What Verhoeven treats us to over the next 100 minutes is a garish, extended version of the same idea. In many respects it’s a warm-up for Basic Instinct, with Jeroen Krabbé in the Michael Douglas role and Renée Soutendijk as the blonde, deadly spider.

The read-across isn’t total and for much of the film it isn’t really clear who is the spider and who the fly, since Krabbé’s character, the drunken, bisexual, access-all-areas writer Gerard Reve, looks like a classic predator.

In early scenes, we watch the hungover Gerard padding naked through his apartment, where he imagines killing his violinist partner, before he heads out to give a self-aggrandising talk about his work to a roomful of admiring fans. On the way he tries but fails to pick up a handsome guy at a newsagent’s, then eventually strikes lucky with the female treasurer of the society he’s been regaling with his talk about the interchangeability of truth and lies.

“You have the body of a beautiful boy,” Gerard compliments the naked Christine (Soutendijk) before they get down to business. “And these?” she responds, thrusting her tits in his face. Later, after a night of glorious sex, she reveals that she was once married, and also that she already has a lover, who turns out to be the guy Gerard was trying to accost the previous day and who he has been fantasising about since.

Herman and Gerard
Herman and Gerard


One of these fantasies involves Gerard in a church imagining the young man in his red Speedos nailed to the cross like Jesus Christ.
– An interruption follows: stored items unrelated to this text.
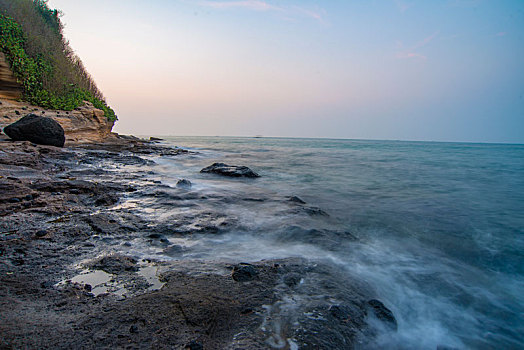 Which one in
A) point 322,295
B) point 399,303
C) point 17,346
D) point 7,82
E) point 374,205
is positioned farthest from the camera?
point 7,82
Gerard runs his hands up and down his lightly oiled body. Jesus Christ is what you might think as the scene plays out.

It’s around here that Gerard realises that Christine hasn’t been married once before but three times. Who’s going to be the fourth man – Gerard himself or Mr Speedos? Duh, duh, duuuuh – Loek Dikker’s score literally does that.

It’s a great, almost Agatha Christie-esque story, but done as a straight-faced comedy, as most of Verhoeven’s films are, a commentary on the thriller genre as much as a thriller itself, the killer plot element being the switcheroo. Gerard the guy who considers himself the man in charge suddenly realising he’s being lined up for a silk cocoon. Verhoeven sprinkles imagery of death throughout, in case we hadn’t got it.

Verhoeven’s love of excess is given full rein since he’s making this film in the Netherlands rather than the USA. Nudity jostles with religious iconography blasphemously – Gerard is an ardent Catholic, or so he says – and Verhoeven seems to be looking towards Douglas Sirk for inspiration as he piles on the melodrama. If Gerard is the man who wants it all, whether it’s in Speedos or a negligée, so does Verhoeven’s film.

The DP is Jan De Bont, later the director of Speed, but here he gives Verhoeven what he presumably asked for, a kind of soft-core, soft-edged 1980s pop-promo look with noirish basics.

The acting comes from a similar place – slightly camp, slightly affectless, adding to the general sense of solidity being called into question. Truth and lies, being awake or in a dream, fantasy and reality, the writer’s imagination and the material world, Verhoeven tries to yoke them all to his cart and gets some of the way there in that teasing Verhoevian way suggesting he’s not really in earnest about any of it, not even his own ideas.